An appropriate sampling method should ensure that the selected population is accurately represented. If an inappropriate sampling method is used, the characteristics and prevalence of health-status-positive individuals in the sampled population may differ from those in the target population, leading to biased estimates [18]. Therefore, researchers should carefully consider the sampling method employed. Generally, sampling methods include cross-sectional sampling, case–control sampling, and test-results-based sampling. Cross-sectional sampling involves randomly selecting the study population from a database; case–control sampling entails random selection from the health-status-positive and health-status-negative populations based on a gold/reference standard; while test-results-based sampling refers to random selection from algorithm-positive and algorithm-negative populations [34, 35]. Due to changes in prevalence, case–control sampling often biases the estimates of PPV and NPV; similarly, test results-based sampling can bias sensitivity and specificity estimates [18, 35, 36]. An inappropriate sampling method may lead to bias in any direction.

Ensure that the sample size is sufficiently large to achieve the desired level of precision in accuracy estimation

To ensure adequate sample size, researchers should estimate the minimum sample size required for validation studies by specifying the desired precision for the accuracy estimates. The sample size can be calculated based on the desired width of the 95% confidence interval (CI) for anticipated accuracy estimates [37, 38].

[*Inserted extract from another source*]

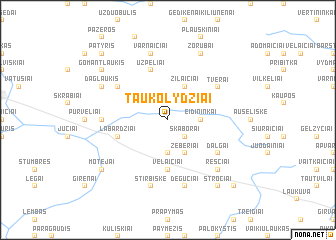 map of Taukolydžiai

Select a gold standard or reference standard to classify individuals with or without a given health status

The validity of algorithms should be estimated against a gold standard or reference standard. However, a true gold standard is rarely available, so validation studies often rely on reference standards to classify the health or exposure status of individuals [14, 39]. Using an imperfect reference standard may lead to biased estimates of algorithm accuracy [36, 40], emphasizing the importance of carefully selecting the reference standard based on its availability, accuracy, and completeness [21, 41]. For instance, a medical chart review is commonly used as a reference standard [42]. When using medical chart review as a reference standard, researchers should consider whether the chart abstraction includes all essential information related to the classification of health or exposure status, whether the information is accurately recorded, and whether it is complete for both look-back and look-forward periods relative to the date of potential health or exposure status [42, 43].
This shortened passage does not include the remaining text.